PartMC  2.6.1
Data Types | Functions/Subroutines
pmc_stats Module Reference

The stats_t type and associated subroutines. More...

Data Types

type  stats_1d_t
 Structure for online computation of 1D arrays of mean and variance. More...
 
type  stats_2d_t
 Structure for online computation of 2D arrays of mean and variance. More...
 
type  stats_t
 Structure for online computation of mean and variance. More...
 

Functions/Subroutines

subroutine stats_clear (stats)
 Clear data statistics collected so far. More...
 
subroutine stats_1d_clear (stats)
 Clear data statistics collected so far. More...
 
subroutine stats_2d_clear (stats)
 Clear data statistics collected so far. More...
 
subroutine stats_add (stats, data)
 Add a new data value to a stats_t structure. More...
 
subroutine stats_1d_add (stats, data)
 Add all new data values to a stats_1d_t structure. More...
 
subroutine stats_1d_add_entry (stats, data, i)
 Add a new single data value to a stats_1d_t structure. More...
 
subroutine stats_2d_add (stats, data)
 Add all new data values to a stats_2d_t structure. More...
 
subroutine stats_2d_add_row (stats, data, i)
 Add a row of new data values to a stats_2d_t structure. More...
 
subroutine stats_2d_add_col (stats, data, j)
 Add a column of new data values to a stats_2d_t structure. More...
 
subroutine stats_2d_add_entry (stats, data, i, j)
 Add a single new data value to a stats_2d_t structure. More...
 
real(kind=dp) function stats_conf_95_offset (stats)
 Compute the 95% confidence interval offset from the mean. More...
 
real(kind=dp) function, dimension(size(stats%n)) stats_1d_conf_95_offset (stats)
 Compute the 95% confidence interval offset from the mean.
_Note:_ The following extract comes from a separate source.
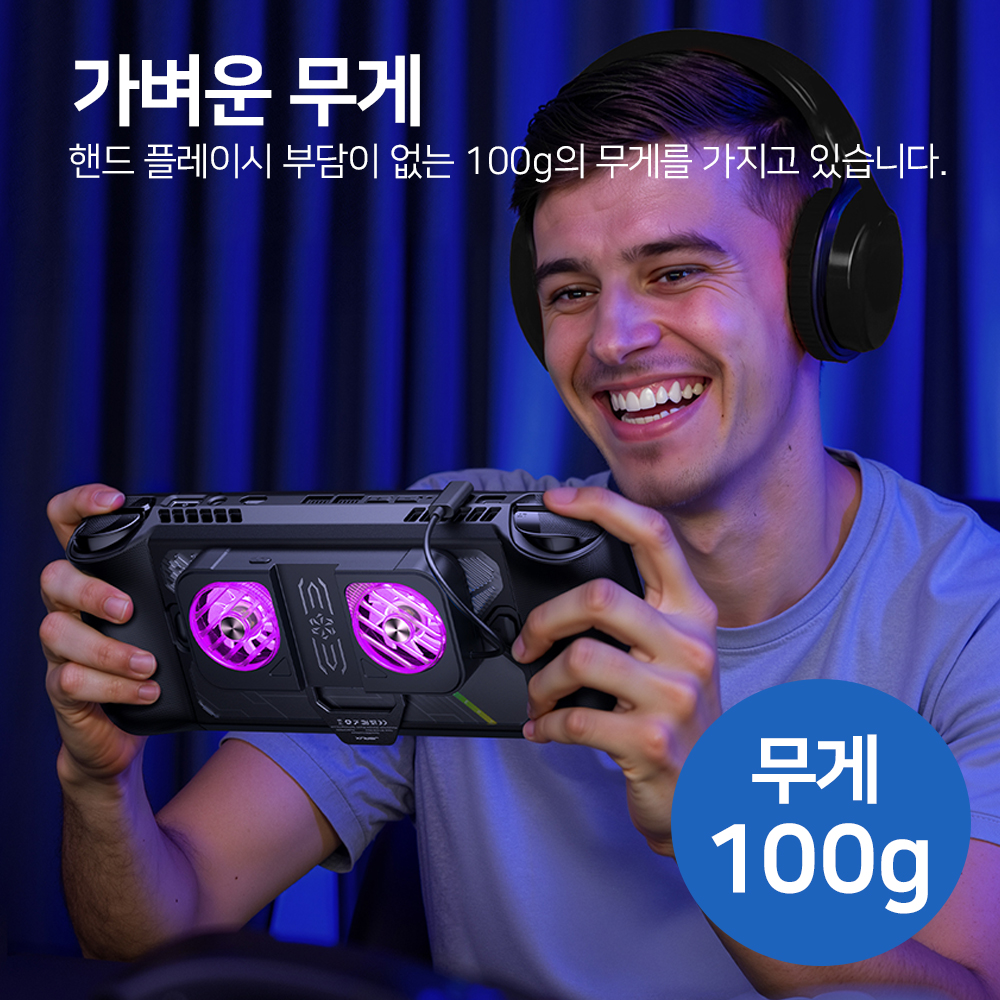 Rog Ally X 쿨러 로그엘라이X 모드쿨러 이미지 6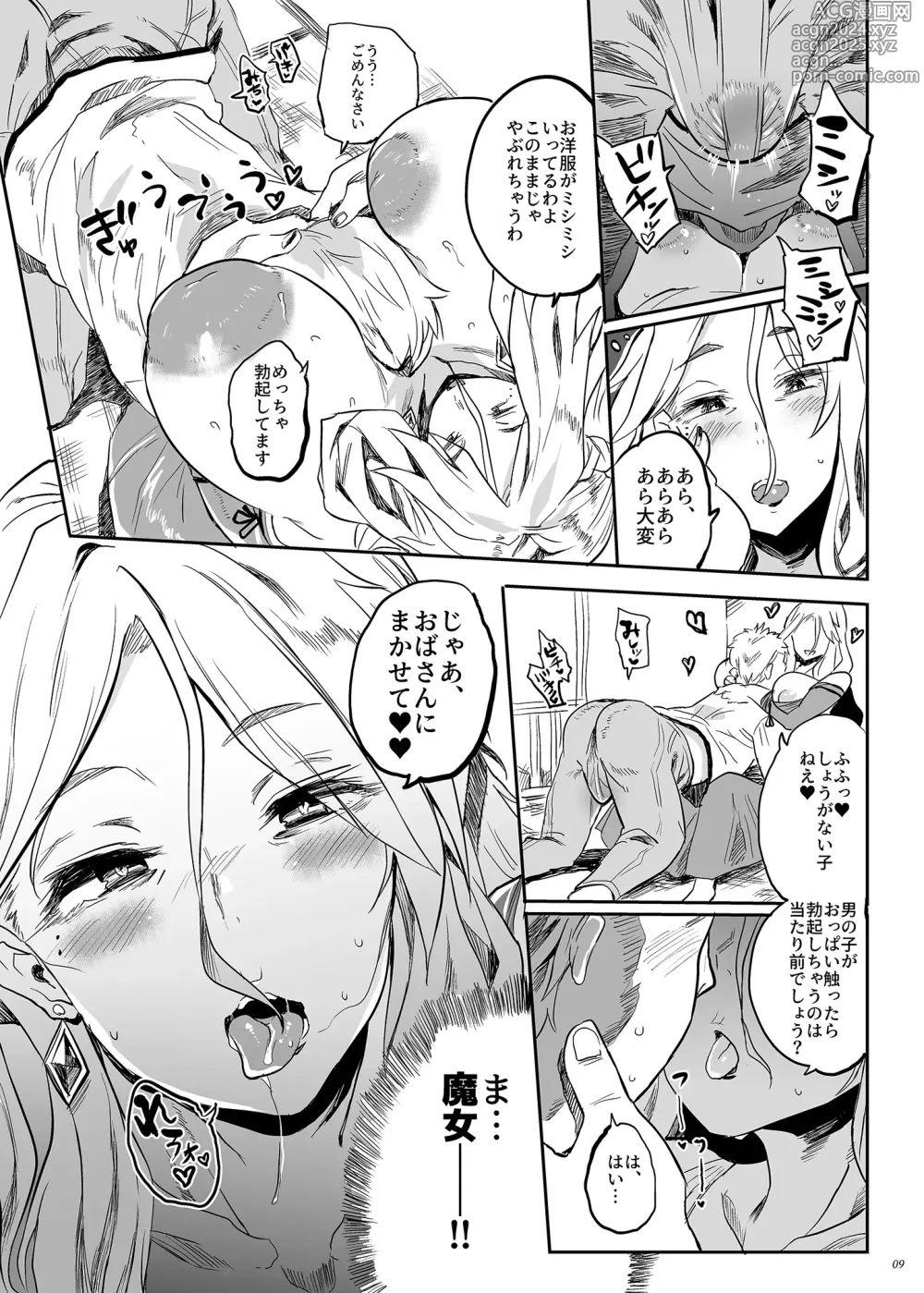 Page 8 of doujinshi Taima no Haha,Rei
More...
 
real(kind=dp) function, dimension(size(stats%n, 1), size(stats%n, 2)) stats_2d_conf_95_offset (stats)
 Compute the 95% confidence interval offset from the mean. More...
 
subroutine update_mean_var (mean, var, data, n)
 Compute a running average and variance. More...
 
real(kind=dp) function student_t_95_coeff (n_sample)
 Return a fairly tight upper-bound on the Student's t coefficient for the 95% confidence interval. More...
 
real(kind=dp) function conf_95_offset (var, n_sample)
 95% confidence interval offset from mean. More...
 
subroutine stats_output_netcdf (stats, ncid, name, unit)
 Write statistics (mean and 95% conf. int.) to a NetCDF file. More...
 
subroutine stats_1d_output_netcdf (stats, ncid, name, dim_name, unit)
 Write statistics (mean and 95% conf. int.) to a NetCDF file. More...
 
subroutine stats_2d_output_netcdf (stats, ncid, name, dim_name_1, dim_name_2, unit)
 Write statistics (mean and 95% conf. int.) to a NetCDF file. More...
 
subroutine stats_1d_output_text (stats, filename, dim)
 Write statistics (mean and 95% conf. int.) to a text file. More...
 

Detailed Description

The stats_t type and associated subroutines.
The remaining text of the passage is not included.